Transtectal transverse acetabular fractures were created on fourth-generation composite hemipelves in a reproducible manner. Five different fixation techniques were biomechanically assessed using both an SLS and STS loading protocol: anterior plate (AP) only, posterior plate (PP) only, anterior plate plus posterior column screw (AP+PCS), posterior plate plus anterior column screw (PP+ACS) and anterior plus posterior plate (AP+PP). After preconditioning, the specimens were loaded from 50 to 750 N with a ramp of 100 N/s. FGM and RIFR under loads of 750 N were measured using an optical 3D measurement system.

RESULTS

In the three groups of fixation techniques addressing both columns, STS loading resulted in higher mean FGM and in RIFR than SLS loading. No construct failure was observed. In the single plate groups (AP only and PP only), STS loading resulted in failure of all specimens before reaching loads of 750 N, while no failure occurred after SLS loading.

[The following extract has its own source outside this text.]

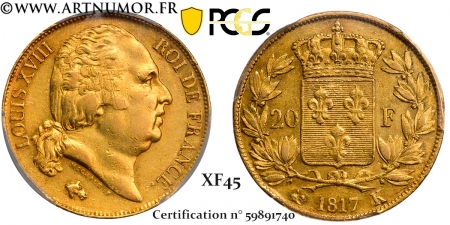 Louis XVIII - 20 Francs Or...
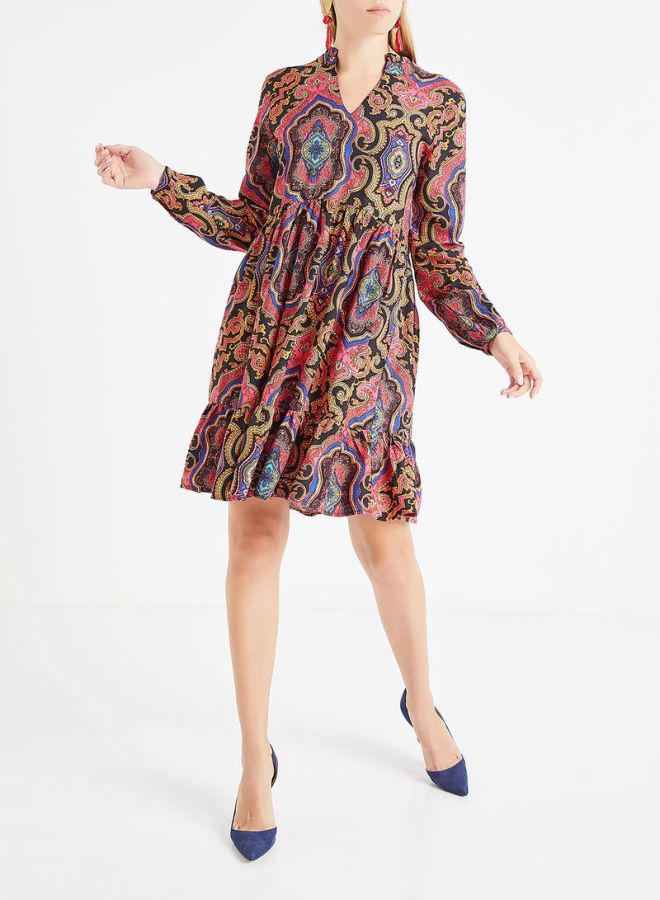 ONLY Retro Print Ruffle Hem Dress Black/Pink  - Image 3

No significant differences in FGM and RIFR were found between the double plate (AP+PP) and the single plate plus column screw (AP+PCS and PP+ACS) techniques.

CONCLUSION

SLS loading appeared to overestimate the strength of acetabular fracture fixation constructs and STS loading may be more appropriate to provide clinically relevant biomechanical data. Internal fixation of a single column might not provide adequate stability for transverse fractures, while strength of single plate plus column screw fixation and double plate fixation was comparable.